Conditional expectation to de maximum $E(X_1\mid X_{(n)})$ Let $X_1, \ldots, X_n$ a random sample of a Uniform(0,1):
Which is $E(X_1\mid X_{(n)})$ ?
where $X_{(n)}=\max\{X_1,\ldots,X_n\}$
 A: Let $Y$ be the index of the maximum value: $X_Y=X_{(n)}$ (the event of ties is unimportant, it has zero probability).
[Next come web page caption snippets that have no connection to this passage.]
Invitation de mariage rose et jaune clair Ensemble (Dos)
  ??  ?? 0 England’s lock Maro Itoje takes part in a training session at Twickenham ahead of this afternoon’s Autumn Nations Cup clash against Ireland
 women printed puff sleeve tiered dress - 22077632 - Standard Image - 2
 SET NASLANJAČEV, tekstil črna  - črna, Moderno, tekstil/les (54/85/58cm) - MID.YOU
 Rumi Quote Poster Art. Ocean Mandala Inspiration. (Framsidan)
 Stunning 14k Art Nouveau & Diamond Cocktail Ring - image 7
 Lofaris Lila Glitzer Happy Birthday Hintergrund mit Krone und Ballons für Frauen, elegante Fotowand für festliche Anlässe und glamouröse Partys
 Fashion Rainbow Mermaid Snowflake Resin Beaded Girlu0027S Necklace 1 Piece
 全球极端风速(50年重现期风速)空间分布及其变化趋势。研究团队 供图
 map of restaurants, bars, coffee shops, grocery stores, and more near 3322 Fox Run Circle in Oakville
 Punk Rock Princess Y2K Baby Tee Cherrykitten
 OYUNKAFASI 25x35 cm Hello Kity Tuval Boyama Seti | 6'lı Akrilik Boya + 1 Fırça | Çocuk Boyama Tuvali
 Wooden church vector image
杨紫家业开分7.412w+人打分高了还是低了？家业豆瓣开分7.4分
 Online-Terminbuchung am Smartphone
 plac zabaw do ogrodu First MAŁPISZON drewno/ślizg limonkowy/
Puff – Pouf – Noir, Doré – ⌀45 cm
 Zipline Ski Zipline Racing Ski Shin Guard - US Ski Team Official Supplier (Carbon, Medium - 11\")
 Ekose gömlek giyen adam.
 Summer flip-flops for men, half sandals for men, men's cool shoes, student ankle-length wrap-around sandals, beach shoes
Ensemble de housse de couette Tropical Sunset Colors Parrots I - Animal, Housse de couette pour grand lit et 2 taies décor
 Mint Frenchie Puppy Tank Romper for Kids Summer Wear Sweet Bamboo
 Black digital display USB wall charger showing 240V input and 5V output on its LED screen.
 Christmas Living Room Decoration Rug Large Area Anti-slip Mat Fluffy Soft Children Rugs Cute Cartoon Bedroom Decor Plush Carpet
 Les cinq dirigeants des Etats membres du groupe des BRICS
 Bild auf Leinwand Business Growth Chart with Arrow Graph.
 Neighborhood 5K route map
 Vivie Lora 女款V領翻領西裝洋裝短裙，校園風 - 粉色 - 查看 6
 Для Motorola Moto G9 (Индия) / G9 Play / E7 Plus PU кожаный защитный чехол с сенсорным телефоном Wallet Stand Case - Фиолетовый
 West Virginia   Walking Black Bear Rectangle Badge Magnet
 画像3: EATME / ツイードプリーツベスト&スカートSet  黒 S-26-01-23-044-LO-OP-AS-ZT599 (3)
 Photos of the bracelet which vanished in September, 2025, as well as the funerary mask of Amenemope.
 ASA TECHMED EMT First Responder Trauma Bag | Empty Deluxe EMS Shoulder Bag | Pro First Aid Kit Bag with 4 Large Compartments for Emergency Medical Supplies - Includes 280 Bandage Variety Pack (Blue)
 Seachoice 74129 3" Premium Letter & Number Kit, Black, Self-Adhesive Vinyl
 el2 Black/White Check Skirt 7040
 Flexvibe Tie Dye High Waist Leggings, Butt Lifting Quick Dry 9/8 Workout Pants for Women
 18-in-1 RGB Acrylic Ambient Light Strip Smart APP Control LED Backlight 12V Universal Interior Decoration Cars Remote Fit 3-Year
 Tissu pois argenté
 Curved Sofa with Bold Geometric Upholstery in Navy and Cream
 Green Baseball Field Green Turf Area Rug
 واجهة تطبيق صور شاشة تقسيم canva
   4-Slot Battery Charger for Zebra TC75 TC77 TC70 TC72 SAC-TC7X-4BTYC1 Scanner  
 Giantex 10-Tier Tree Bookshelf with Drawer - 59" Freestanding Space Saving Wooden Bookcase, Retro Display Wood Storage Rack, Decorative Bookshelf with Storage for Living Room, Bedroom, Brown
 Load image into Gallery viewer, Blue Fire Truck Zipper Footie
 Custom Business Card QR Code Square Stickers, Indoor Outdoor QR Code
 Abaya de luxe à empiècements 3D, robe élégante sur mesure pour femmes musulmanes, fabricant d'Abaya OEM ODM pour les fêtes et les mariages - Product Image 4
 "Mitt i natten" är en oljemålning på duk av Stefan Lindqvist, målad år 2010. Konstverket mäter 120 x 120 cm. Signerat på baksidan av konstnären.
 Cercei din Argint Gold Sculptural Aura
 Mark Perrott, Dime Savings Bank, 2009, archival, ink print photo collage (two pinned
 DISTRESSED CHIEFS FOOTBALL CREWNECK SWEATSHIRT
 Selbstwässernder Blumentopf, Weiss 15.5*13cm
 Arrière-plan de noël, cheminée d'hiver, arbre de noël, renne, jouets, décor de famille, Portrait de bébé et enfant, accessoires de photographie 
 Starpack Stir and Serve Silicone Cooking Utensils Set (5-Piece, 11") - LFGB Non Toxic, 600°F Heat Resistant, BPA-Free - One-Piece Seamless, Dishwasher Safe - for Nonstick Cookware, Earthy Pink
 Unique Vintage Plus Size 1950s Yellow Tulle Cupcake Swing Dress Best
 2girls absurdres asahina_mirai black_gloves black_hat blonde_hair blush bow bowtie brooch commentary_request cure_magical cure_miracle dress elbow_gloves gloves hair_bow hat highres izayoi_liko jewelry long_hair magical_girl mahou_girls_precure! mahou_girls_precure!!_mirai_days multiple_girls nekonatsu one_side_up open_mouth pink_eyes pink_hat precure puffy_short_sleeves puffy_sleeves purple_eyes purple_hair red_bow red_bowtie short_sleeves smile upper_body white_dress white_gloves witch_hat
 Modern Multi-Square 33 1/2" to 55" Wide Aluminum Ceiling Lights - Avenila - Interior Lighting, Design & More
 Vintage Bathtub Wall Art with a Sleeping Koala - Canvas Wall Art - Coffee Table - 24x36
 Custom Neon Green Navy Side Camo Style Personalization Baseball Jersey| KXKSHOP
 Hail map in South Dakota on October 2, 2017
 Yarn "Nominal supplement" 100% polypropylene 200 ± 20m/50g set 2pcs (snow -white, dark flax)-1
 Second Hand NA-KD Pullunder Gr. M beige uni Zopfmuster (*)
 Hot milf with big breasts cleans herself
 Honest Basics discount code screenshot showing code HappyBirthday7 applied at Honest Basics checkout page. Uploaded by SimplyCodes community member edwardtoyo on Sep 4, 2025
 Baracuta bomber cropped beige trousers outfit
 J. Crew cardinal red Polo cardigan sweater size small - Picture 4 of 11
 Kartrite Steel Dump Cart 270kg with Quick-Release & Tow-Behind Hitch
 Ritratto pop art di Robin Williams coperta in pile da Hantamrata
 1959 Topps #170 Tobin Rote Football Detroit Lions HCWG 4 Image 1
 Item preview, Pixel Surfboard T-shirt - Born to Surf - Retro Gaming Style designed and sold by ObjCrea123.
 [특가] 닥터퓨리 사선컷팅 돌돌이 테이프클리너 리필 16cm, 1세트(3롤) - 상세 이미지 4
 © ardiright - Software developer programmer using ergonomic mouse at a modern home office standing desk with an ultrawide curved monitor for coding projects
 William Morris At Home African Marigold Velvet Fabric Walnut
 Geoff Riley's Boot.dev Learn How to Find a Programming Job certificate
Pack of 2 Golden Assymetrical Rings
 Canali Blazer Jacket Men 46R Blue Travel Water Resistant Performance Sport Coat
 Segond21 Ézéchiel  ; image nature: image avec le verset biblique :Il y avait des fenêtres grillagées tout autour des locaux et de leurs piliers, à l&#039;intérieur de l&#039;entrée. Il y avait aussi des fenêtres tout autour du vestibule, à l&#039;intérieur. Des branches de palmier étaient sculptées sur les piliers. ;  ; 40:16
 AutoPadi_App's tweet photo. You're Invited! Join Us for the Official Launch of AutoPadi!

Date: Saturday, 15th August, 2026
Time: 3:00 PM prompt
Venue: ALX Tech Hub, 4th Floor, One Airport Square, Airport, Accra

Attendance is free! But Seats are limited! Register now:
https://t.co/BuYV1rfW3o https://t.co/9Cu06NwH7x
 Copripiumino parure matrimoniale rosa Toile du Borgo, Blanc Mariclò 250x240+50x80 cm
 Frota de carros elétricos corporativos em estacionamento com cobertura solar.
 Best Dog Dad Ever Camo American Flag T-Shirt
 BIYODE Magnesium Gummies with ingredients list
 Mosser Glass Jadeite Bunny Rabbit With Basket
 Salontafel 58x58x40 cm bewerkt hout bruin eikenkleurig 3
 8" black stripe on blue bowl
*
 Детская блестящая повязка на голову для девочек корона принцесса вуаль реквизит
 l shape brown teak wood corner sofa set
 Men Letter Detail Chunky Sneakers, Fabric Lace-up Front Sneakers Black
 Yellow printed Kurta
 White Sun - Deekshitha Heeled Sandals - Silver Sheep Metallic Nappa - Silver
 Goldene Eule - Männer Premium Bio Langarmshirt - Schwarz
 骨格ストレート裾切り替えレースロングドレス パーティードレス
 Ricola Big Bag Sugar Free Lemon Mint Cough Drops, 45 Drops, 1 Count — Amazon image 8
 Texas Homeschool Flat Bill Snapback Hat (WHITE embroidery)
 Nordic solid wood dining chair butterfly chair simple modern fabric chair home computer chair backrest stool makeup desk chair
Let $Z=X_{(n)}$
Then 
$$E(X_1\mid Z ,Y) = 
  \begin{cases} 
   Z & \text{ if } Y=1 \\
   \frac{1}{2}Z & \text{ elsewhere} \\
  \end{cases}
$$
Then, applying the iterated expectations property, and because  $P(Y=k)=1/n$:
$$E(X_1\mid Z)=E( E(X_1\mid Z , Y))=\frac{1}{n}Z+ \frac{n-1}{n}\frac{Z}{2} = \frac{n+1}{n}\frac{Z}{2}  $$
Edit: this is not need to answer the question, but (from a comment) the full probability can be obtained (some abuse of notation follows) thus:
$$P(X_1\mid Z ) =\sum_{Y=1}^n P(X_1,Y\mid Z )\\
=\sum_{Y=1}^n P(X_1\mid Y,Z ) P(Y \mid Z)\\
=\delta(X_1 -Z)\frac{1}{n}+\sum_{Y=2}^n P(X_1\mid X_1<Z ) \frac{1}{n}\\
=\frac{1}{n}\delta(X_1 -Z)+ \frac{n-1}{n}U[0,Z]
$$
So, yes $P(X_1\mid X_{(n)} )$ can be seen a mixing of a delta with a (truncated) uniform.
A: You're looking for $E(X_1\mid \max)$.  The probability that $X_1=\max$ is $1/n$. So
$$
E(X_1\mid \max) = \frac 1 n E(X_1\mid X_1=\max, \max) + \frac{n-1} n E(X_1\mid X_1\ne \max, \max).
$$
The first term is easy to find: $E(X_1\mid X_1=\max,\max) = \max$, so we have
$$
E(X_1\mid \max) = \frac 1 n \max + \frac{n-1} n E(X_1\mid X_1\ne \max, \max).
$$
Then you need to show that the conditional distribution of $X_1$ given $\max$ and given the event that $X_1\ne\max$ is uniform on the interval from $0$ to $\max$.